The answer is the data below, repeated exactly, with no pictures included.

Top of Exercise data

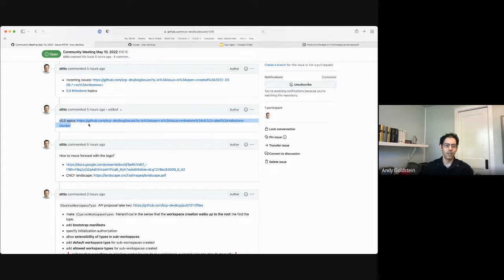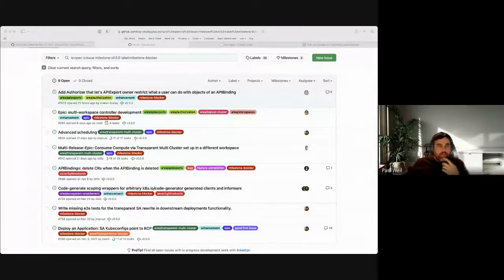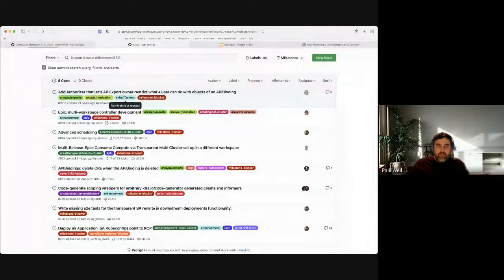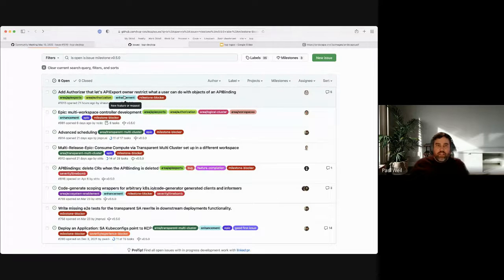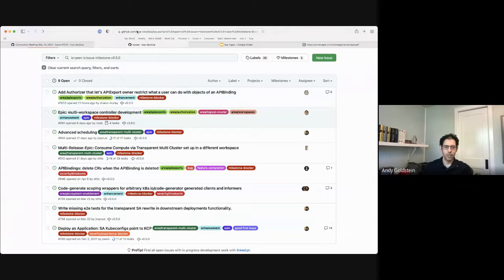I'm going to start with the 0.5 epics. Stephan, did you want to walk through this, or do you want me to? I can say a few words. We've agreed in the past to modify how we're doing our milestone planning as well as how we're breaking down tasks. For this meeting I was hoping we can walk through what the milestone blockers are, ensure we're comfortable with them fitting in the milestone, and that we've got the right task breakdown and linked items.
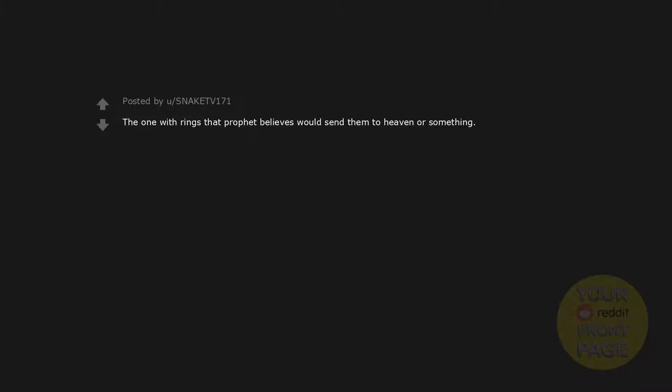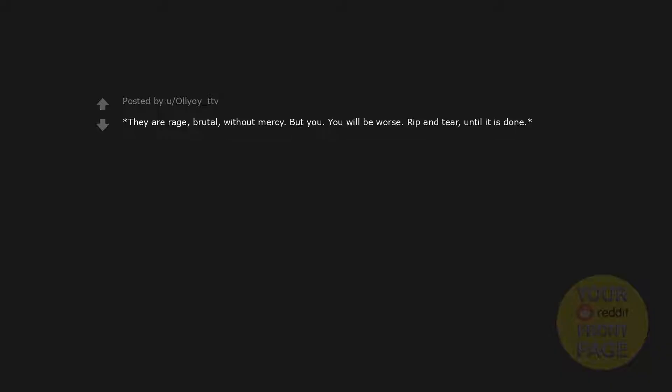Dinosaurs, lots of dinosaurs. Gendo, the woods is a bitch. Don't give up skeleton. A gazillion planets, the one with rings that prophet believes would send them to heaven or something. Wake up, get up, get out there. Would you kindly. They are rage, brutal, without mercy, but you, you will be worse. Rip and tear until it is done.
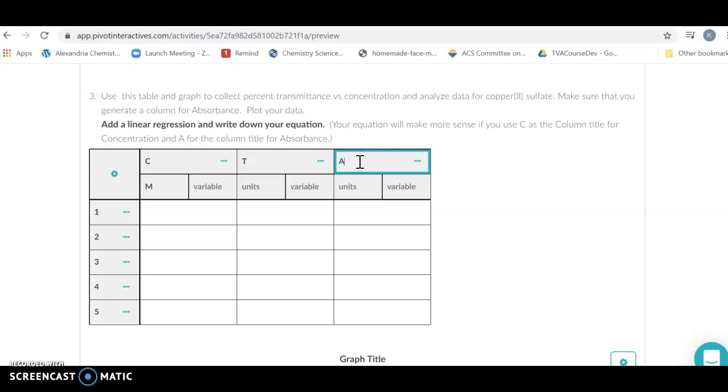We're going to make sure that we have our columns labeled. I tend to use a single letter because when we do a linear regression, which is just our best fit line, this is going to use these single letters as your x or y variables and it makes it easier to follow.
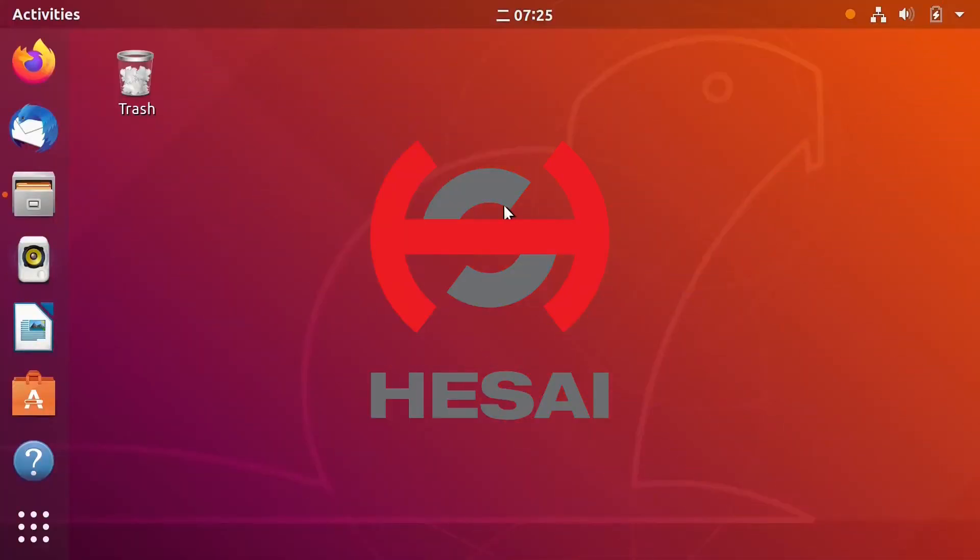Hi everyone. Welcome to Husai's ROS Driver and SDK tutorial videos. In this video, I will show you how to use SDK.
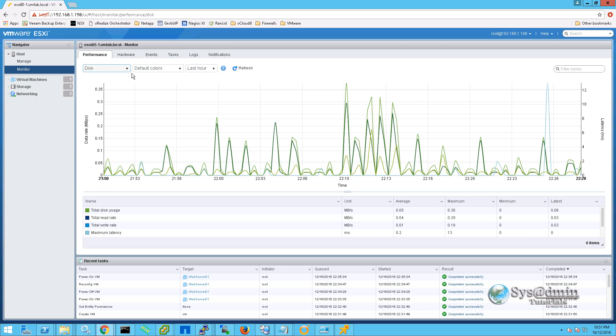Now that concludes this video on the new ESXi 6.5 from VMware. I really hope you enjoyed it. Thank you for watching and we'll see you in the next video.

Bottom of Exercise data

**Expected answer**
I'm going to start with the 0.5 epics. Stephan, did you want to walk through this, or do you want me to? I can say a few words. We've agreed in the past to modify how we're doing our milestone planning as well as how we're breaking down tasks. For this meeting I was hoping we can walk through what the milestone blockers are, ensure we're comfortable with them fitting in the milestone, and that we've got the right task breakdown and linked items.
Dinosaurs, lots of dinosaurs. Gendo, the woods is a bitch. Don't give up skeleton. A gazillion planets, the one with rings that prophet believes would send them to heaven or something. Wake up, get up, get out there. Would you kindly. They are rage, brutal, without mercy, but you, you will be worse. Rip and tear until it is done.
We're going to make sure that we have our columns labeled. I tend to use a single letter because when we do a linear regression, which is just our best fit line, this is going to use these single letters as your x or y variables and it makes it easier to follow.
Hi everyone. Welcome to Husai's ROS Driver and SDK tutorial videos. In this video, I will show you how to use SDK.
Now that concludes this video on the new ESXi 6.5 from VMware. I really hope you enjoyed it. Thank you for watching and we'll see you in the next video.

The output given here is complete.